The line that contains '! total energy' after using grep looks like this

60/C.scf_60.out:!    total energy              =     -22.78085574 Ry

So, if I can somehow get the first number out from this line, plus what I have, I can also achieve my goal:

60  -22.78085574

I am trying to do this with one line command.

Thanks!


Solution

  • sed -rn -e 's/cutoff[ =]+([0-9]+)/\1/p' -e 's/.*total energy[= ]+([0-9.-]+).*/\1:/p' */*.out | tr '\n:' ' \n'
    

    Explanation:

    sed -rn -e <cmd1> -e <cmd2> */*.out
    

    I've used sed instead of grep because I fell into the necessity of using a flag (I choose :) to separate every register (cutoff total_energy).

    sed options

    -r # short form of --regexp-extended
    

    Needed to match with the sintax I've used. Specially ([0-9.-]+) -> I didn't need to escape the brackets, and I could filter .- without problems.

    -n # short option of --quiet or --silent
    

    It disables printing of patterns unless we explicitly ask to do so (with the flag p)

    -e # short of --expression
    

    Useful to combining multiple commands

    pattern and replacement

    cutoff[ =]+([0-9]+)/\1
    .*total energy[= ]+([0-9.-]+).*/\1:
    

    I'm just saving the value I need in \1.

    Notice that I appended a : character after the value matched for total energy. As I said, it is to help me to separate registers with tr.

    sed flag

    's/../../p'
    

    I've used p to print the patterns due to I'had disabled the printing with -n. It's needed to discard all the lines with no matches.


    tr '\n:' ' \n'
    

    Due to sed output each value in a different line, I used a flag (:) to know where to write a newline (\n).

    characters replacement

    tr is translating characters from SET1 ('\n:') to the ones in SET2 (' \n').
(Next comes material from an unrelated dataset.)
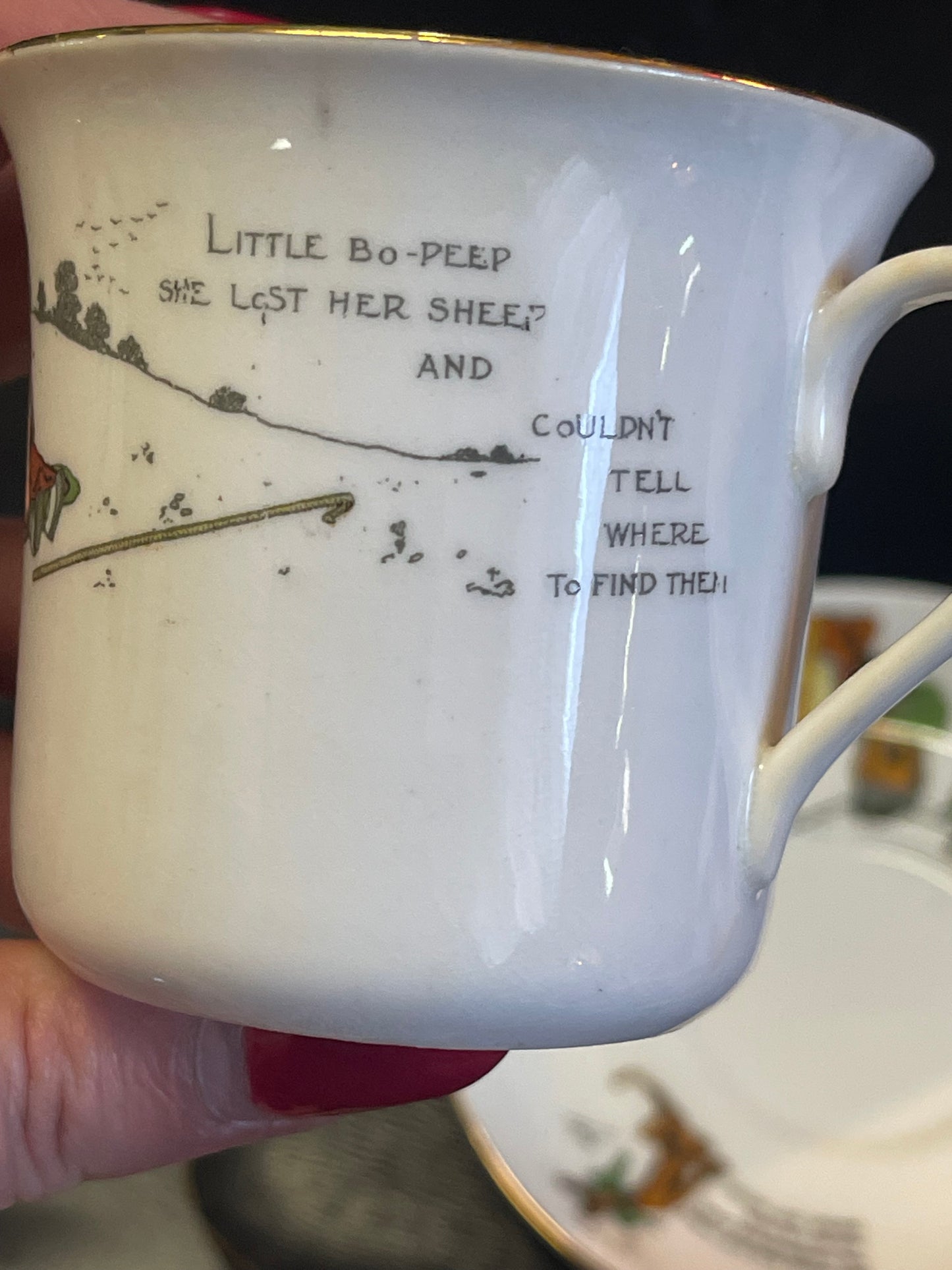 Antique child’s Nursery Rhyme teacup S & N Longton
The translation is taken replacing each character in SET1 with each character in same position in SET2:

    # \n  ->  " " (space)
    # :   ->  \n
    

    Note: You'd maybe like to pipe once more (| tr -s ' ') to clean the output


    Another method to format the output

    A more rigorous way to print the result is to sed again so the output is exactly as you want:

    sed -rn -e 's/cutoff[ =]+([0-9]+)/\1/p' -e 's/.*total energy[= ]+([0-9.-]+).*/\1:/p' */*.out | tr '\n' ' ' | sed -r "s/([^:]+):[ ]*/\1\n/g"
    

    Notice that util the first | the command is exactly the same as the one above.

    tr '\n' ' '
    

    It just replaces the newlines with spaces.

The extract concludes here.